Two problems are immediately evident. The first is that the emphasis remains on medicines. While I certainly value drug therapies, we would have a far healthier population if there were a more holistic approach and emphasis on nutrition, exercise, preventive care, and personal responsibility. Instead, patients are again encouraged to seek instant gratification for any minor complaint, rather than taking any—let alone difficult—steps to alter their behavior or be an active, responsible participant in their well-being.

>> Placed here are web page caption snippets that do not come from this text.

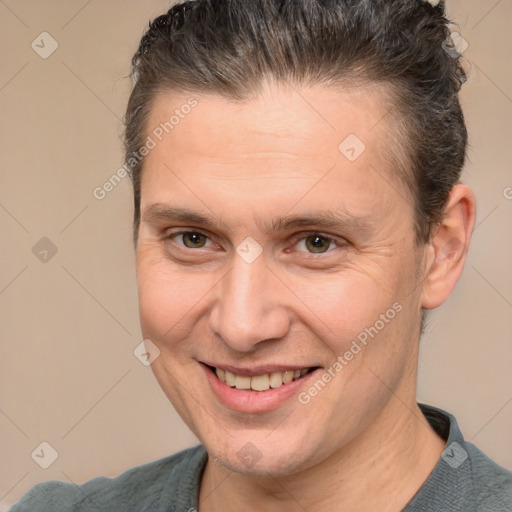 Joyful white adult male with short  brown hair and brown eyes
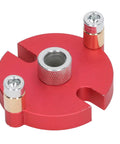 Red aluminum drill guide from Pro Grade Auto Centering Dowel Jig With Aluminum Drill Guide And Eight Drill Bushings.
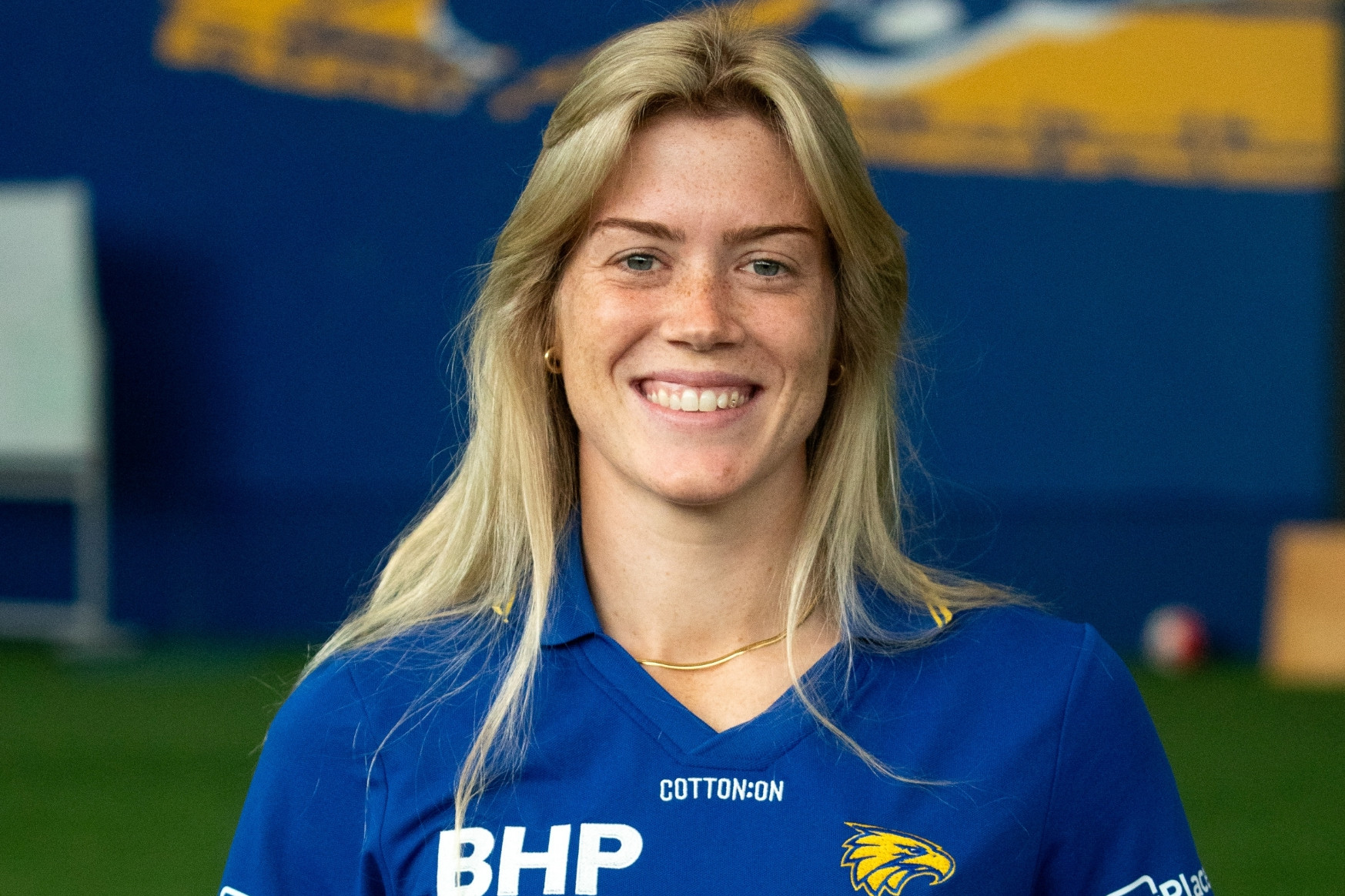 A woman with long hair wearing a sports top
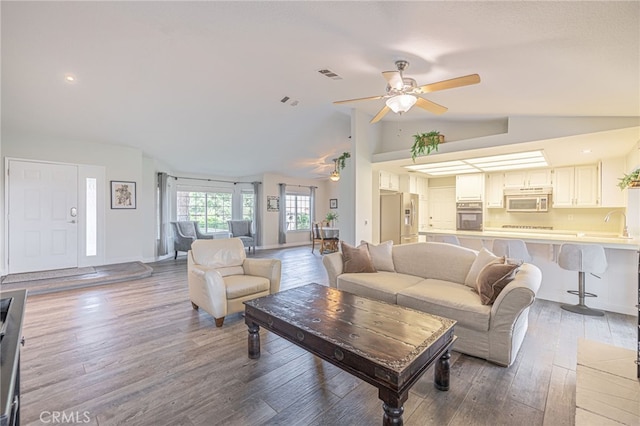 living room featuring lofted ceiling, ceiling fan, and hardwood / wood-style flooring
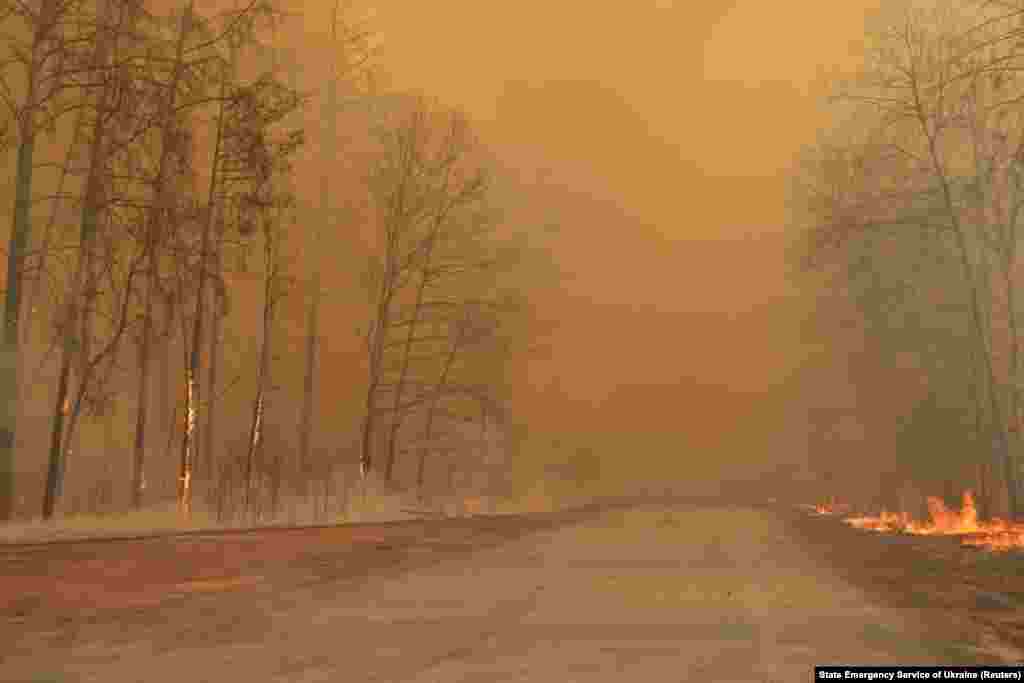 Smoke and flames gave the forest in the exclusion zone an eerie orange glow on April 10. Officials with Ukraine's Emergency Situations Service said that radiation in the region and in the capital, Kyiv, was within "permissible" levels.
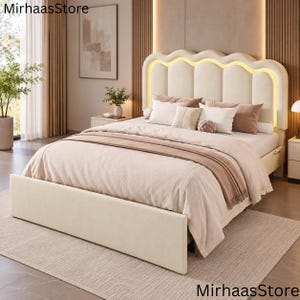 May include: A cream-colored upholstered bed frame featuring a scalloped headboard with integrated warm LED lighting. The bed is dressed in a light beige comforter, matching pillows, and a folded throw blanket, creating a neutral bedroom furniture set.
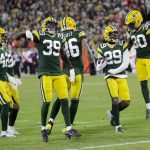 
              Green Bay Packers' Rasul Douglas celebrates his interception with teammates during the second half of an NFL football game against the Cleveland Browns Saturday, Dec. 25, 2021, in Green Bay, Wis. The Packers won 24-22. (AP Photo/Aaron Gash)
            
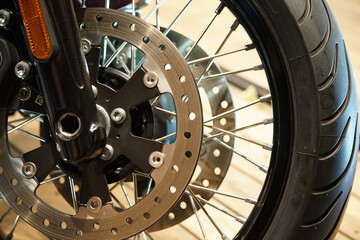 Parts of the front wheel and disc break of a motorcycle ride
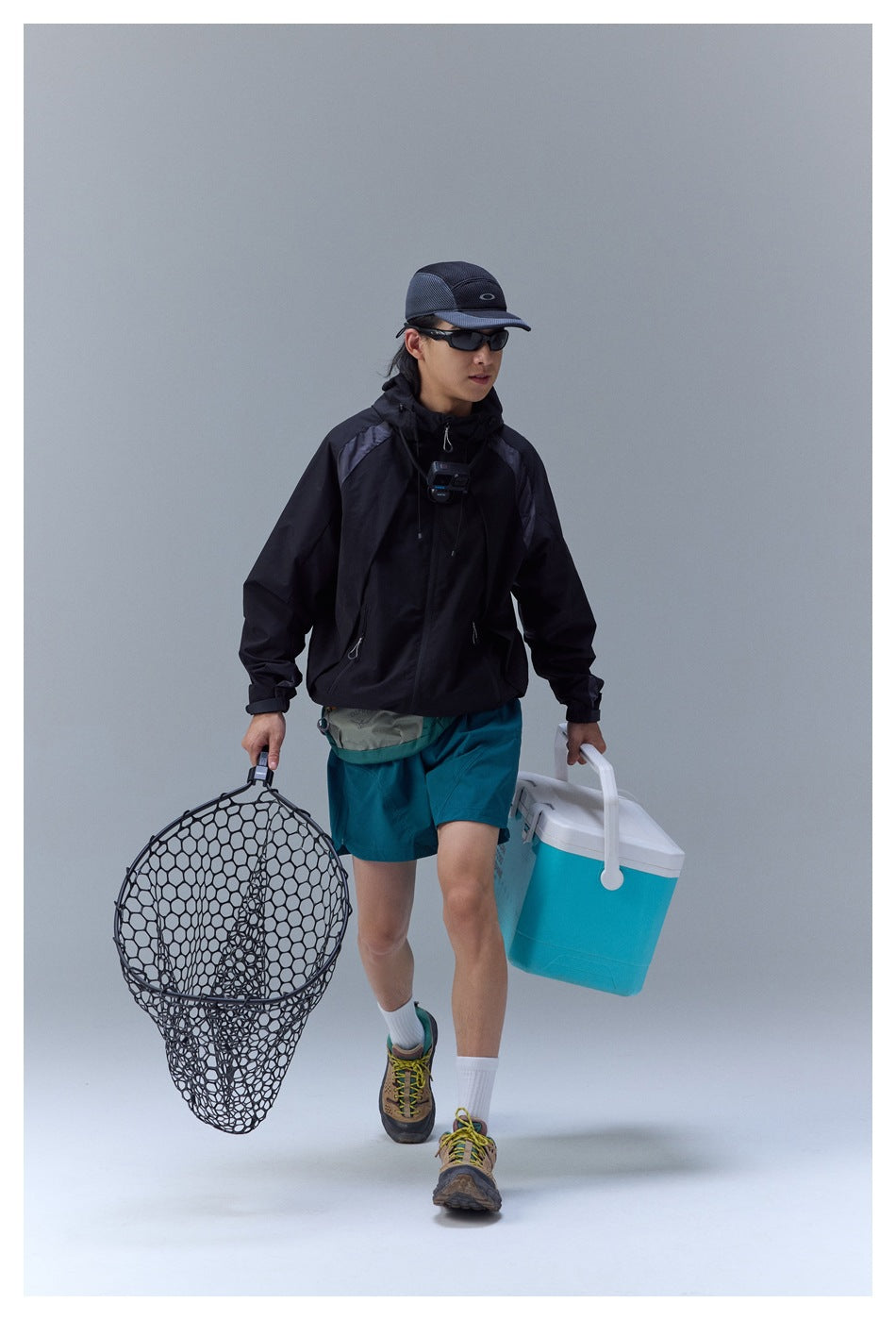 Model wearing a black hooded jacket and teal shorts, carrying a fishing net and a turquoise cooler.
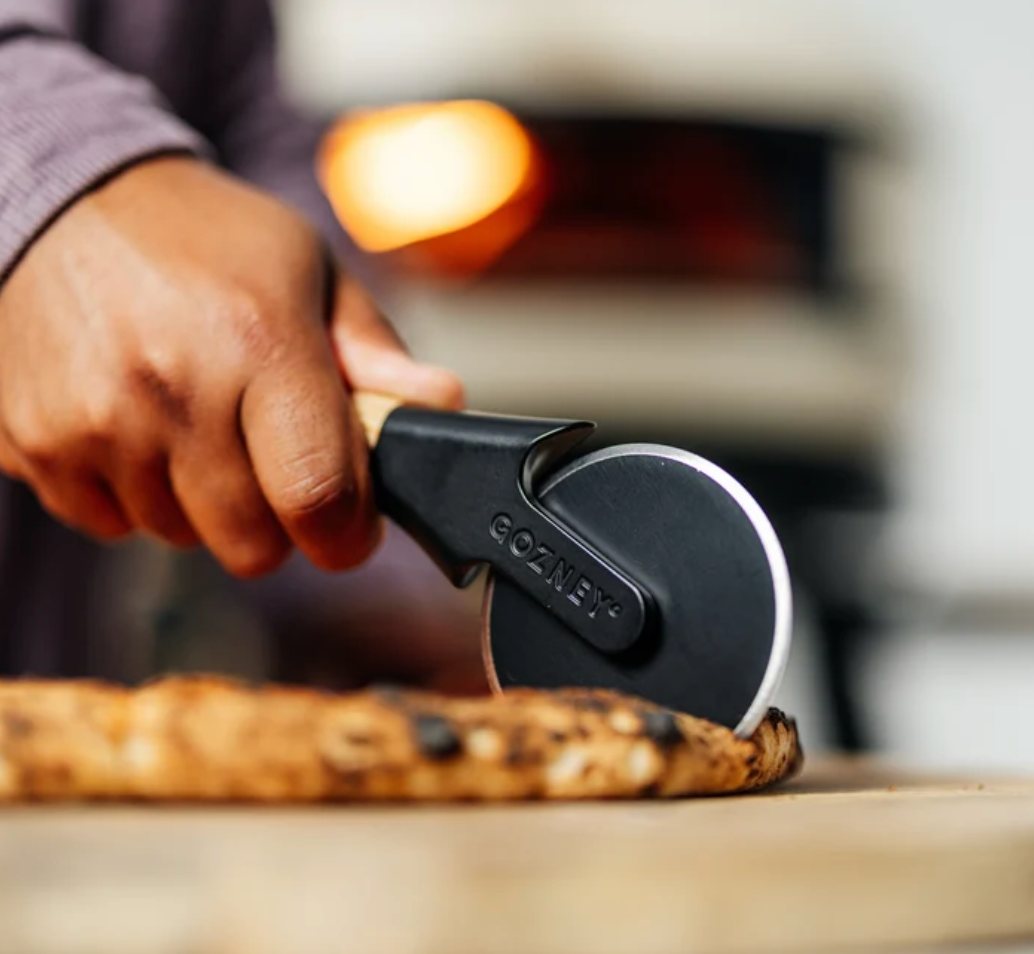 A close-up of a hand using a GOZANE pizza cutter to slice a freshly baked pizza on a wooden surface, with a blurred pizza oven in the background.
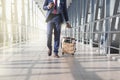 Businessman at airport moving to terminal gate for business trip, front view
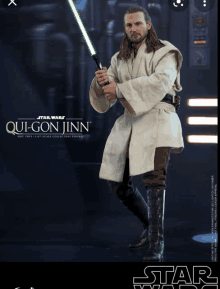 a star wars figurine of qui-gon jinn is holding a green lightsaber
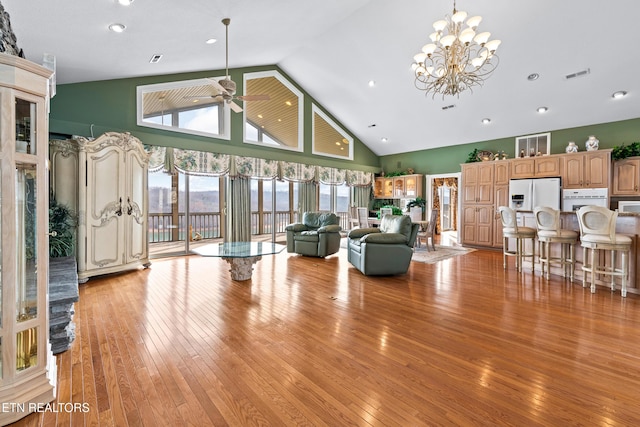 living room featuring ceiling fan with notable chandelier, light hardwood / wood-style floors, and high vaulted ceiling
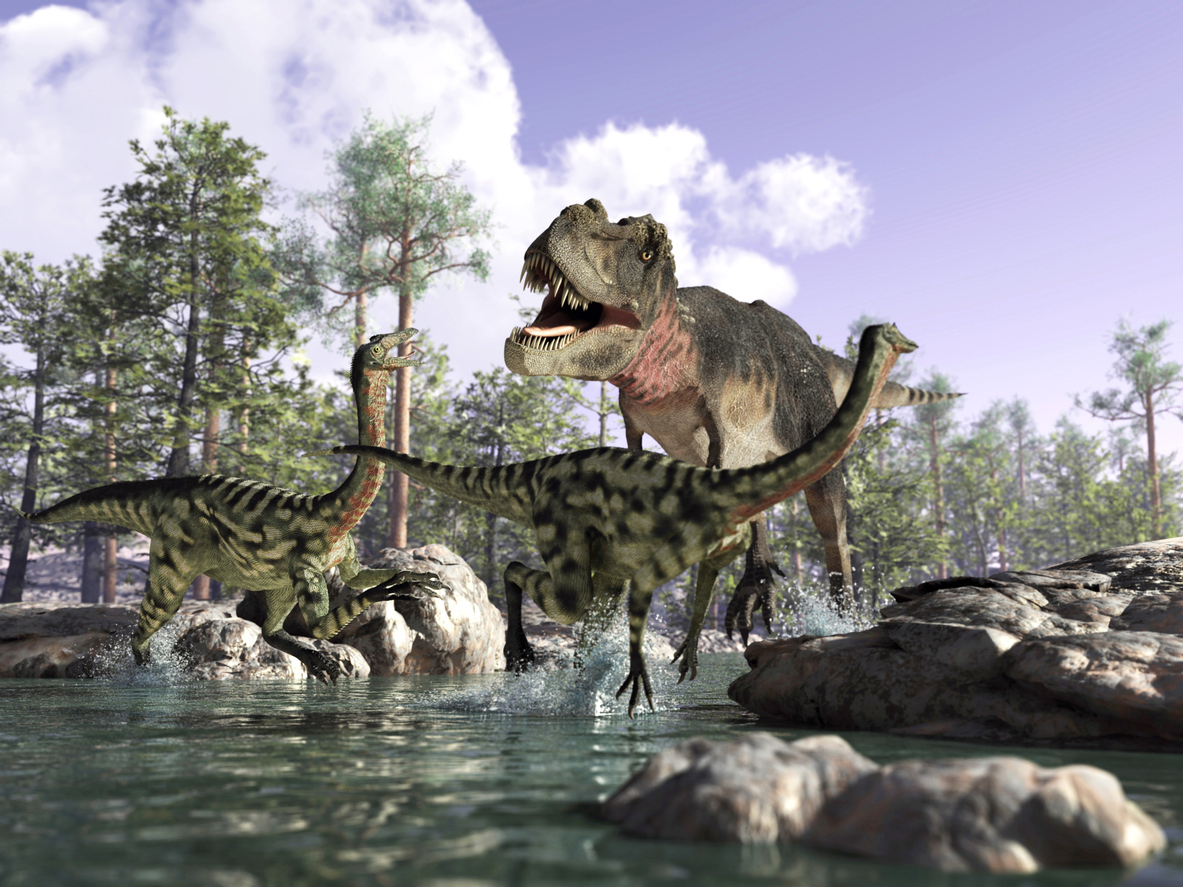 A group of dinosaurs relax next to a lake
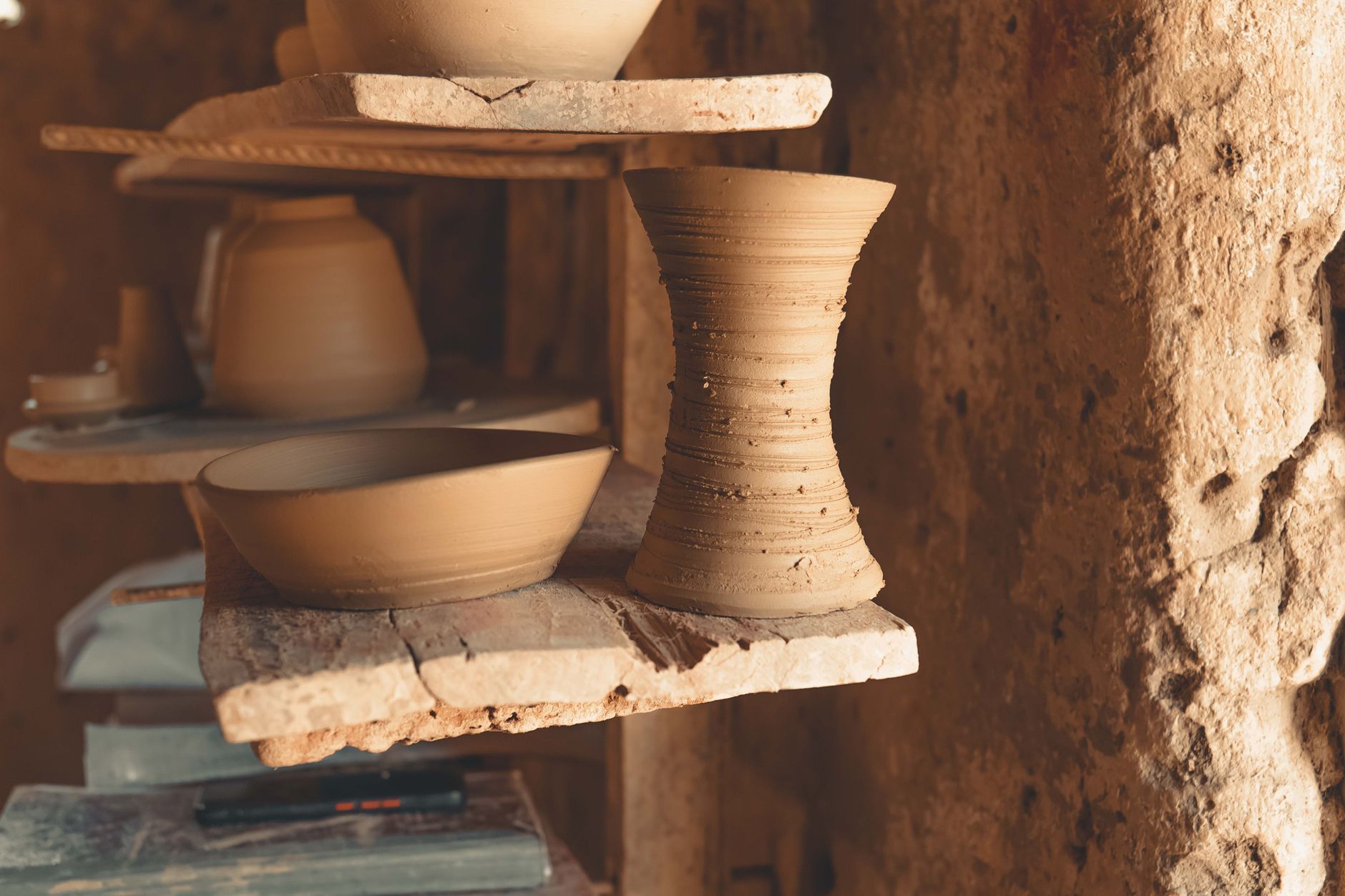 Handmade ceramic bowls and vases on a rustic shelf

Spatz’s pitch also makes me wary of the claim that this new model of patient education won’t just be a repeat of the same successful—for pharma—approach of direct-to-consumer (DTC) advertising. I’ll have more about that in an upcoming post. Until then, be wary of innocent sounding offers of drugs to relieve all of your discomforts.
Note: The latter part of this post is adapted from an earlier post of mine on “Politics, Science & Other Assorted Musings,” February, 2011.